The newspaper industry absolutely hates it when people talk about it being in freefall and the daily newspaper being doomed. But a major Canadian paper, the
Calgary Herald, part of the dominant Canadian chain, felt no compunction whatever about running
a story that characterizes the whole magazine sector as a hopeless case. The headline on the story makes it appear that government funding -- which amounts to, at most, 2% or 3% of magazine revenues -- is all that stands between most magazines and oblivion.
(The hook for the story was apparently a fundraising event that
The Walrus was holding in Calgary Monday night.
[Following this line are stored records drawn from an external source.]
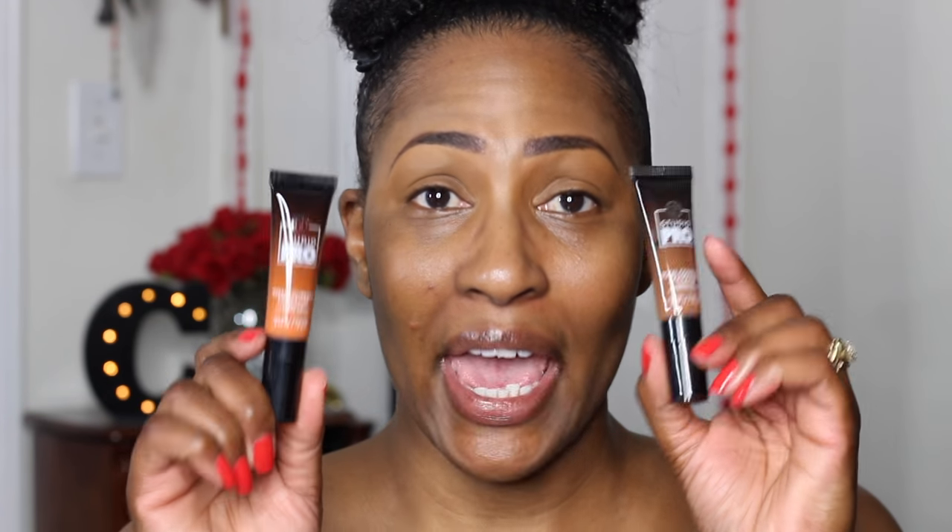I don't know why they didn't do more marketing on it, but it is the BH Cosmetics Studio Pro Total Coverage Concealer. I'm going to show myself using it a little bit, but I'm also going to do a separate video where I can really go in depth, because I don't want this video to be all about that.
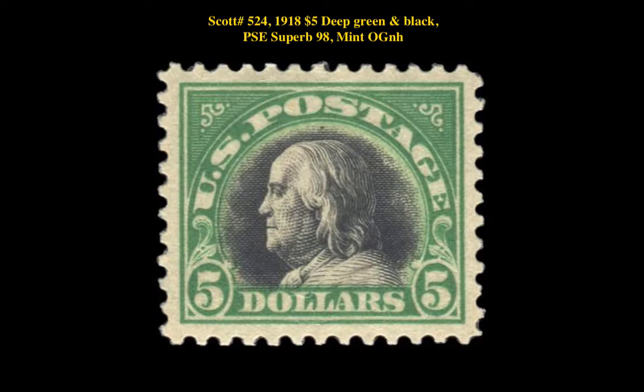Scott No. 524, 1918, 5 dollar, deep green and black, PSE superb, 98 mint, original gum, never hinged.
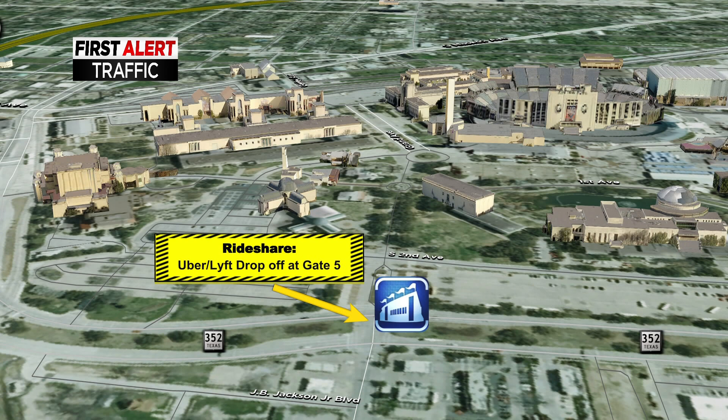Another option would be to utilize rideshare. The Uber and Lyft drop-off location is at Gate 5, certainly providing another good option to get you to the State Fair and to enjoy all that fried food and fun.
And there were the quotes from Ken Alexander who is surely misquoted saying that
Harper's Bazaar is published by the Harper's Magazine Foundation. (In fact,
Harper's -- not the fashion magazine
Harper's Bazaar -- is published by the foundation.))
Nick Lewis wrote the following lead:
Is there a more financially risky venture than producing a magazine in Canada?
The federal government funds 2,300 Canadian magazines with $30 million annually, yet that doesn't seem to be enough in light of the number of titles that have recently ceased publishing.
It is a bald misstatement, a conflation of the total number of magazines of all kinds in the country and the funding that some magazines receive from the Canada Magazine Fund. The facts are that less than a tenth of published titles receive any funding at all. Slightly more qualify for a subsidized postal rate -- but then, so do newspapers. And the failure rate is nowhere demonstrated in the story to be either extraordinary or increasing.
(Lewis also spells
Masthead publisher Doug Bennet's name wrong and confuses
Harper's magazine with the fashion title
Harper's Bazaar.)
The story cites
Toro, Saturday Night and the
Western Standard as examples that apparently represent the parlous nature of the business. The first was summarily executed by the rich man who lost interest in his plaything, the second had more lives than a cat. The third isolated itself in a narrow, partisan niche.
"Magazines come and magazines go," says Doug Bennett [sic], publisher of Masthead magazine, which covers the industry in Canada.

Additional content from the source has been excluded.